**Goal of the exercise**
Output exactly, and only, the lines below from the one with "深圳中考自招全解析:别让孩子错过自招降分捷径 第3张" down to the one with "Diverse learners don't". Include both end lines and no pictures.

**Record set**
____________________

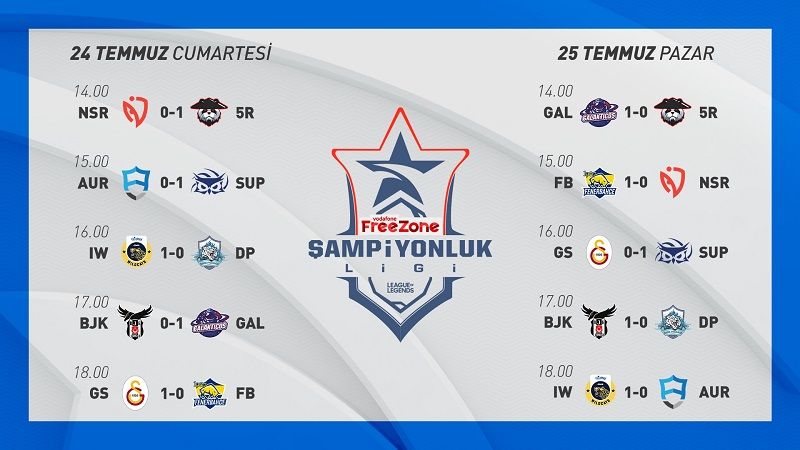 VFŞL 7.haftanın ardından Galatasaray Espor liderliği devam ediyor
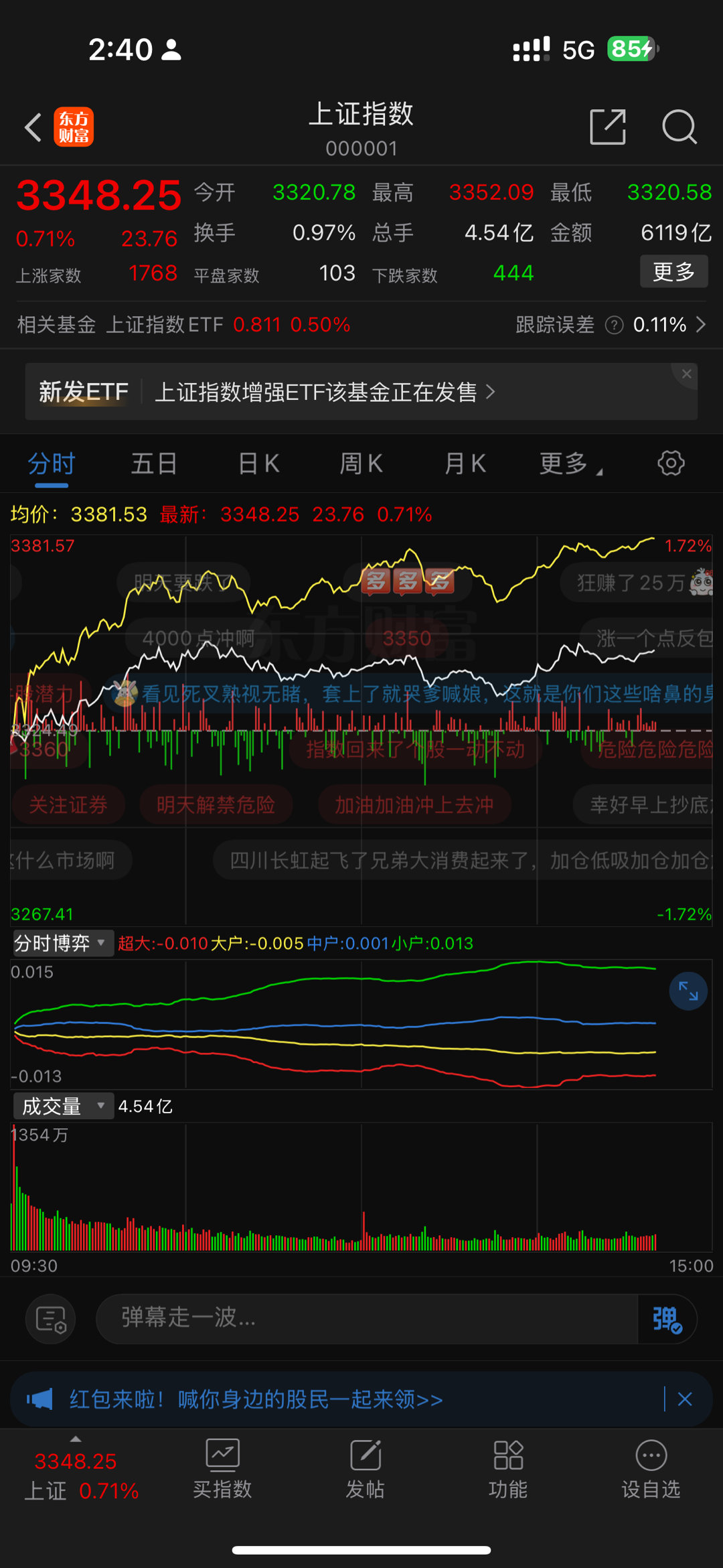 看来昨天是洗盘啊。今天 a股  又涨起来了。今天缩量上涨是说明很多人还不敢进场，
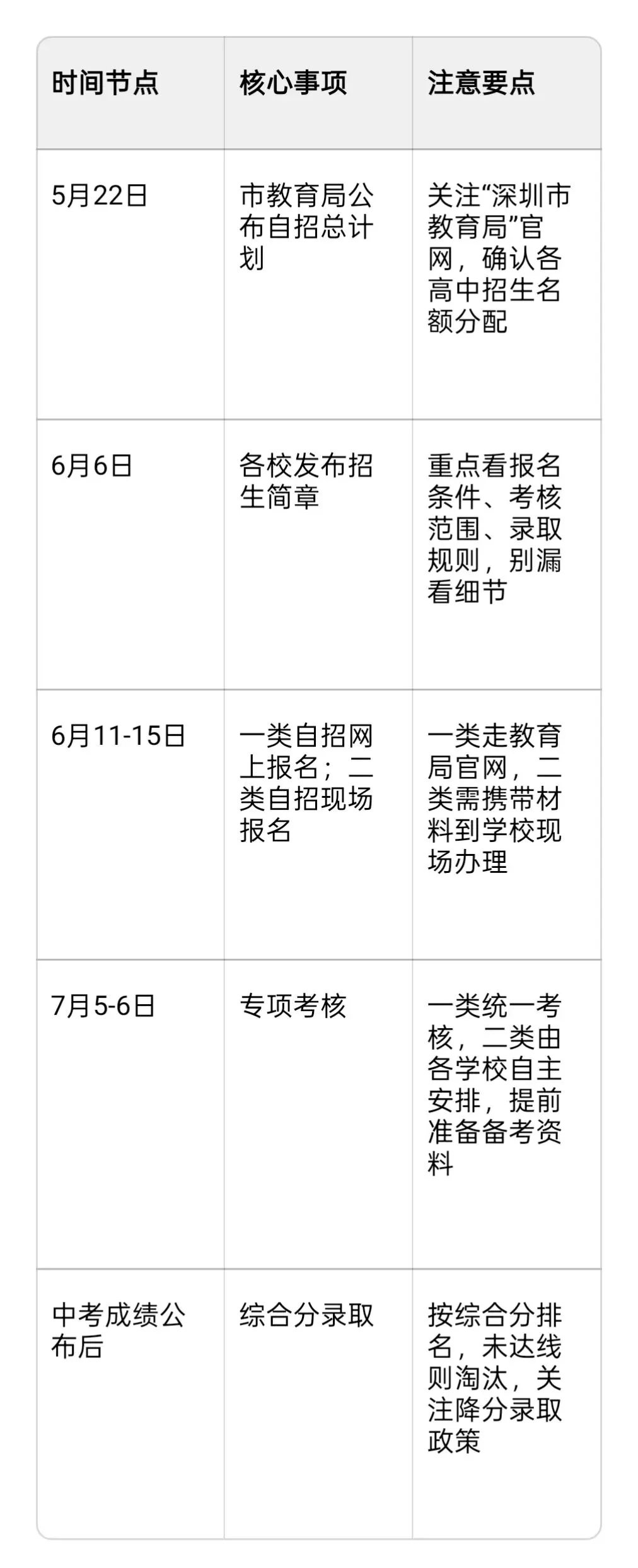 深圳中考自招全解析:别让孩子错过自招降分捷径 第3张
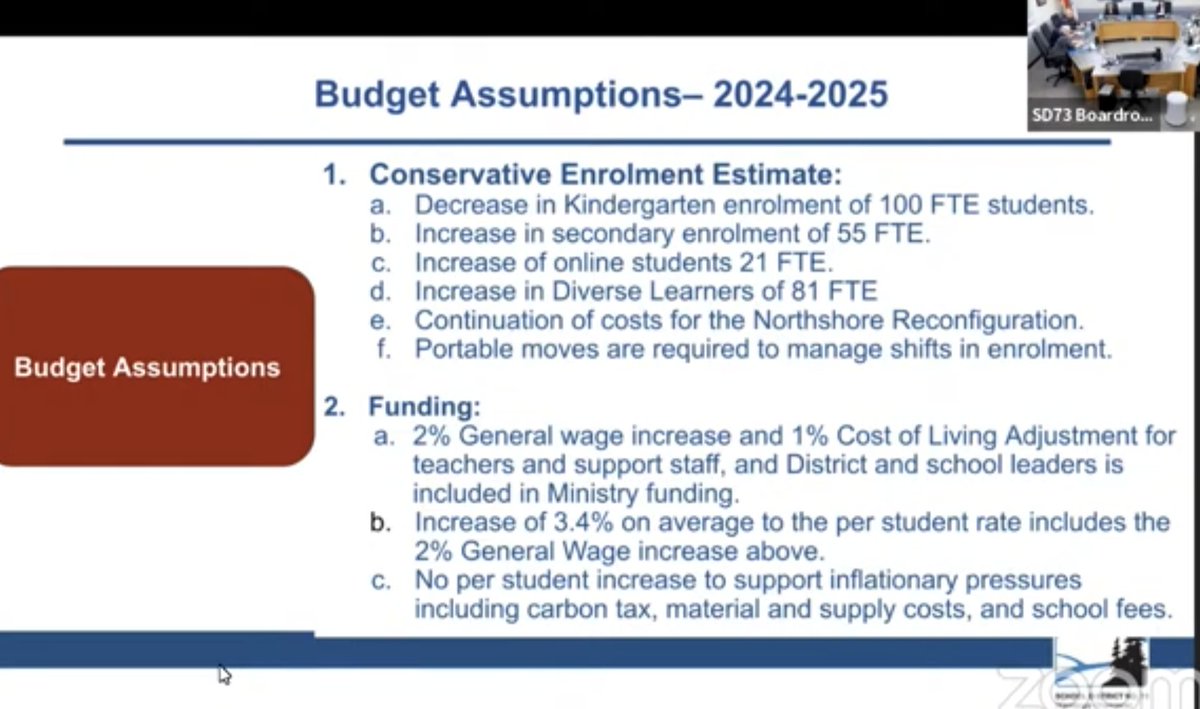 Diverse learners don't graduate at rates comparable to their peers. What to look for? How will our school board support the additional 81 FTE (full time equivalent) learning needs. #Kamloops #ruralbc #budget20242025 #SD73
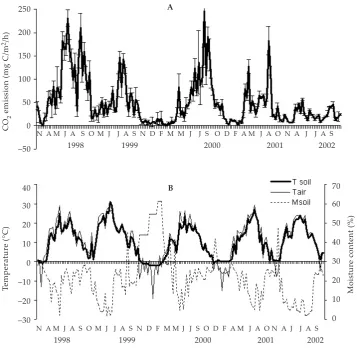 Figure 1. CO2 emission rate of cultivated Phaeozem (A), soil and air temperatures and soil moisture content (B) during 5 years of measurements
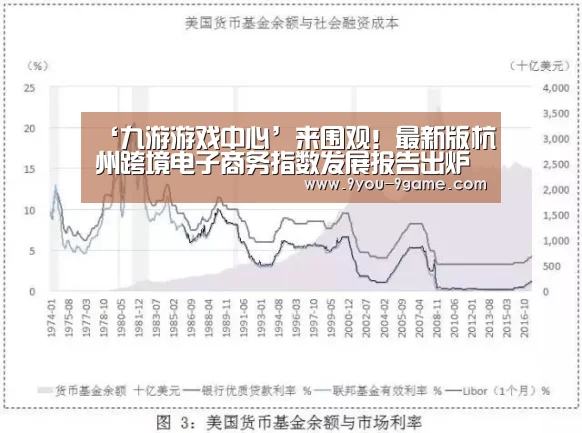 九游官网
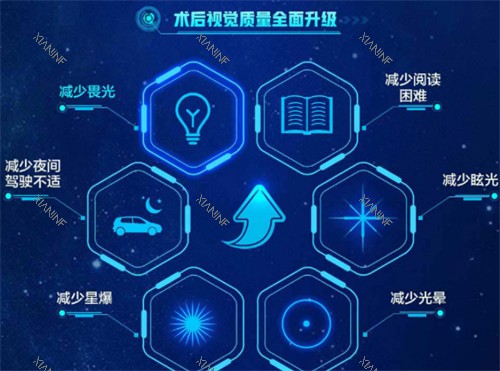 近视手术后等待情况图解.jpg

____________________

**Response to the task**
 深圳中考自招全解析:别让孩子错过自招降分捷径 第3张
 Diverse learners don't graduate at rates comparable to their peers. What to look for? How will our school board support the additional 81 FTE (full time equivalent) learning needs. #Kamloops #ruralbc #budget20242025 #SD73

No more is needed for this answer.